Il seguente passaggio, che affronta il destino dell’anima immediatamente dopo la separazione dal corpo, offre un’indicazione del tono generale dell’opera di Tommaso:
«Vi è… nell’ordine della colpa e del merito un’armonia con l’ordine della punizione e della ricompensa. Ma il merito e la colpa si riferiscono al corpo solo tramite l’anima, poiché in senso essenziale non vi è merito né demerito se non nella misura in cui una cosa è volontaria. Pertanto, sia la ricompensa che la punizione fluiscono giustamente dall’anima al corpo, ma non appartengono all’anima a causa del corpo. Non vi è, dunque, alcuna ragione, nell’infliggere la punizione o nell’elargire la ricompensa, per cui le anime debbano attendere di riprendere i loro corpi; anzi, sembra più opportuno che, avendo le anime avuto la priorità nella colpa o nel merito, abbiano anche la priorità nell’essere punite o ricompensate. …

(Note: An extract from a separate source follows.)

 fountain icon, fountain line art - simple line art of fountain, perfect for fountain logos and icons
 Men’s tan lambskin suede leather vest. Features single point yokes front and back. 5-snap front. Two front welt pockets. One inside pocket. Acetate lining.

Tuttavia, bisogna considerare che, nel caso dei buoni, può esserci un ostacolo che impedisce alle anime di ricevere subito la loro ricompensa ultima, che consiste nella visione di Dio, immediatamente dopo la loro separazione dal corpo. A quella visione nessuna creatura razionale può essere elevata se non è completamente e totalmente purificata, poiché essa supera l’intero ambito delle capacità naturali della creatura. … Ma, a causa del peccato, l’anima è impura nella sua unione disordinata con le realtà inferiori. Certamente, l’anima viene purificata da questa impurità in questa vita attraverso la penitenza e gli altri sacramenti, come detto sopra, ma accade talvolta che tale purificazione non sia del tutto compiuta in questa vita; resta un debito di pena, sia per negligenza, sia per le occupazioni, sia anche perché l’uomo è colto dalla morte. Tuttavia, non è completamente escluso dalla sua ricompensa, perché tali cose possono avvenire senza peccato mortale, il solo che priva della carità alla quale è dovuta la ricompensa della vita eterna. … Devono quindi essere purgati dopo questa vita prima di ottenere la ricompensa finale. Questa purificazione, naturalmente, avviene mediante punizioni, così come in questa vita la loro purificazione sarebbe stata completata tramite punizioni che soddisfano il debito; altrimenti, i negligenti sarebbero in una condizione migliore rispetto ai solleciti, se le pene che non scontano per i loro peccati in questa vita non dovessero essere patite in futuro. Pertanto, se le anime dei buoni hanno qualcosa che può essere purificato in questo mondo, esse sono trattenute dal conseguimento della ricompensa mentre subiscono le pene purificatrici. E questa è la ragione per cui riteniamo che vi sia un purgatorio.»²
La prima caratteristica che distingue l’opera di Tommaso da quella dei teologi altomedievali è il suo profondo interesse per la dottrina dell’anima intesa come problema metafisico. In effetti, la questione dell’anima fu uno dei principali temi di dibattito nel XIII secolo. Tommaso, lavorando su base aristotelica, sviluppò una dottrina secondo cui «l’anima, in quanto forma pura, attualizza il corpo come sua materia», e che l’anima intellettiva contiene in sé in grado eminente tutte le perfezioni delle anime sensitiva e vegetativa, che essa soppianta nell’embrione umano al momento della sua creazione.»³
In un contesto metafisico simile a quello in cui sviluppa la dottrina della Transustanziazione, Tommaso affronta in modo approfondito le questioni del rapporto tra anima e corpo dopo la morte e dello stato intermedio tra morte e resurrezione. Accetta l’immortalità come principio fondamentale della fede cristiana; ma, diversamente dai teologi altomedievali, è consapevole delle problematiche filosofiche che ne derivano e le tratta con sensibilità e ampiezza.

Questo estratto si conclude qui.